I know the difference its height of a few inches, but do the piranhas really need that. I know I can get a 40 long for like $50. Or a 55 for $99. Maybe 80 at Jacks.

Could I still keep pygos in a 40 long??


----------



## Sir Nathan XXI (Jan 29, 2003)

you can get them cheaper than that at Aqua Adventure


----------



## Hannibal (Dec 2, 2002)

you mean the 55 would be cheaper at Aquarium adventure?? What about the questions about the 40 compared to the 55??


----------



## Sir Nathan XXI (Jan 29, 2003)

if the 40g is much cheaper its better to go with it, in my experience piranhas dont use all the height unless feeding


----------



## Bcollins111900 (Feb 3, 2003)

yeah 40 gallon long at meijers is 55 bucks and a 55 gallon at jacks is 95, let me think bout that, lol go with the 40 man.


----------



## Sir Nathan XXI (Jan 29, 2003)

Id say it would depend with the fish as well, if you are putting a tall fish in there they may need the height, but I doubt you are, are you?


----------



## Hannibal (Dec 2, 2002)

nope just some pygos. I want to get a caribe to get them more aggressive.


----------



## Neoplasia (Feb 16, 2003)

Hannibal said:


> I know the difference its height of a few inches, but do the piranhas really need that. I know I can get a 40 long for like $50. Or a 55 for $99. Maybe 80 at Jacks.
> 
> Could I still keep pygos in a 40 long??

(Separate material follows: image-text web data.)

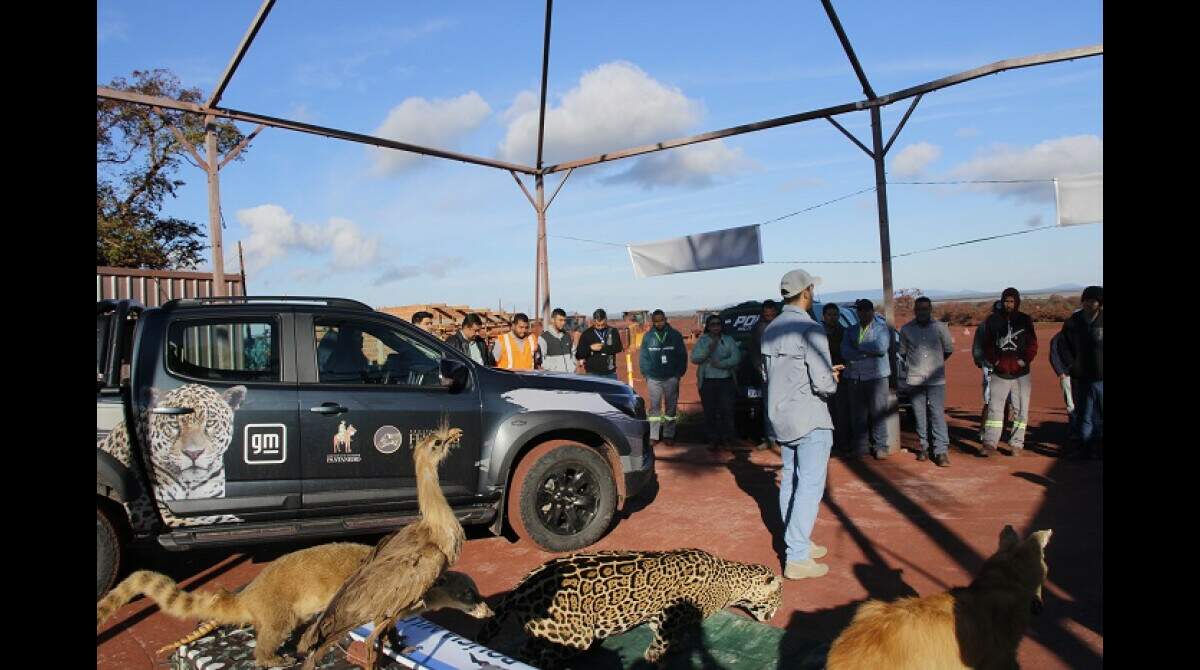 Projeto que proíbe pesca profissional é defendido também para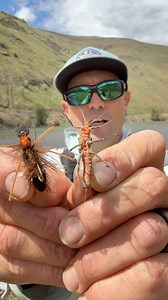 Trout Snack Tuesday // Salmon Flies! Saw some of the first Salmon Flies of the year today, such a cool bug! The hatch has begun but don’t get too excited just yet. It will be another few days to a week before the trout begin to key in on these critters. The nymphs are migrating out of the swift water toward the shoreline, these bugs have poorly developed gills and need whitewater so there’s your tip. Fish the edges of the heavy stuff. @rioproducts #bigbugs #salmonflyhatch #yakimariver #dryflies 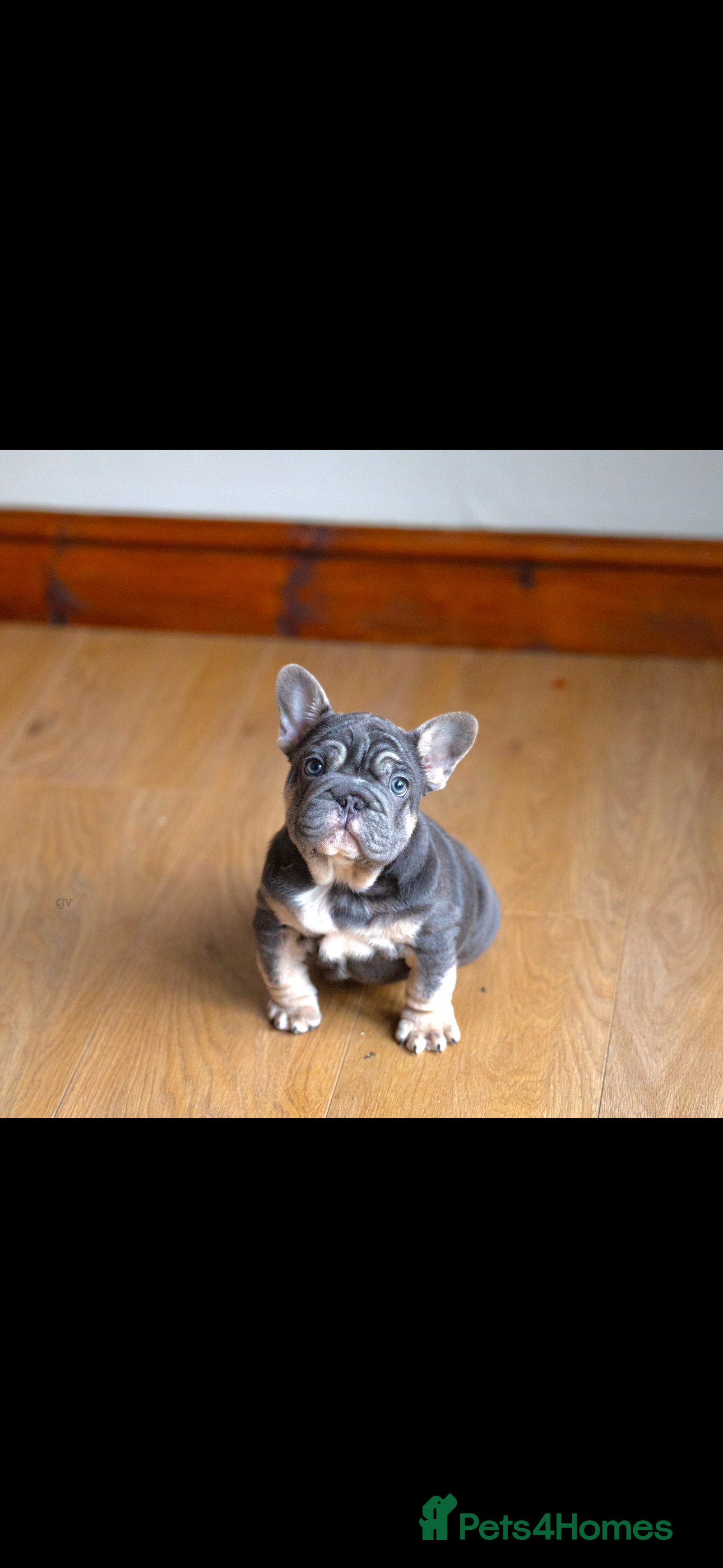 French Bulldog dogs High quality french bulldogs  - Advert 18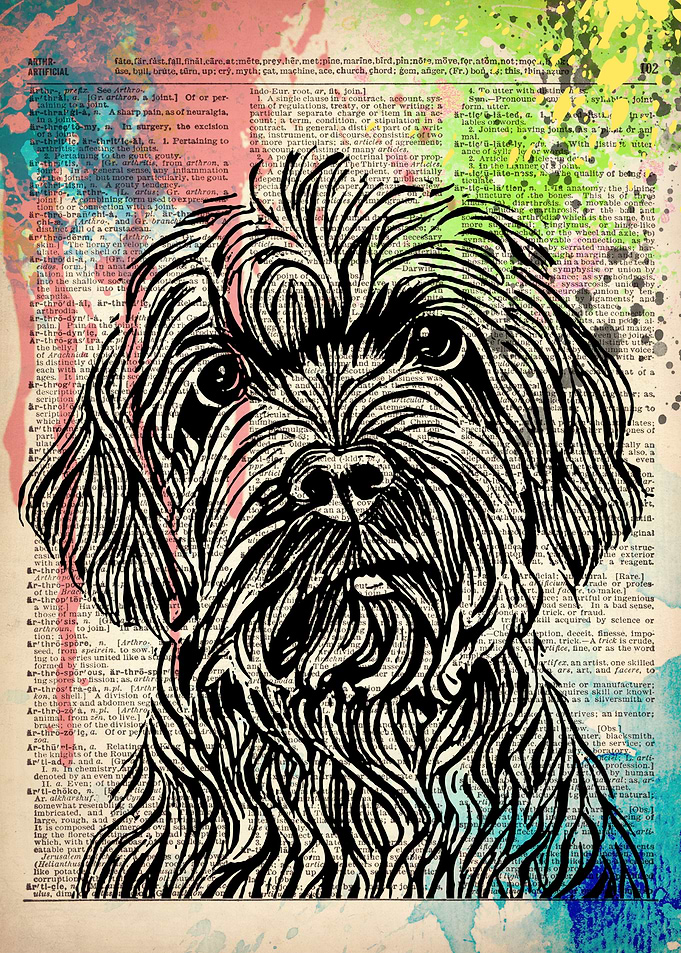 Cockapoo Dog line drawing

 Is this 40 long the same as a 40 breeder? If yes then I'd suggest you pick this tank up. $50 is a good price and it offers tons of area to swim in.


----------



## red devils red (Mar 12, 2003)

thats a good price for a tank,compared to a55 gal costing about 150,looks like you'll have some extra moey for piranhas


----------



## SnowCichlid. (Jan 10, 2003)

Fit waht best works into your budget... thats the key :







:


----------



## Sir Nathan XXI (Jan 29, 2003)

a whole 55g setup at Walmart cost $135 I believe though its a decent filter, but the rest is good, tank, hood, light and heater I think


----------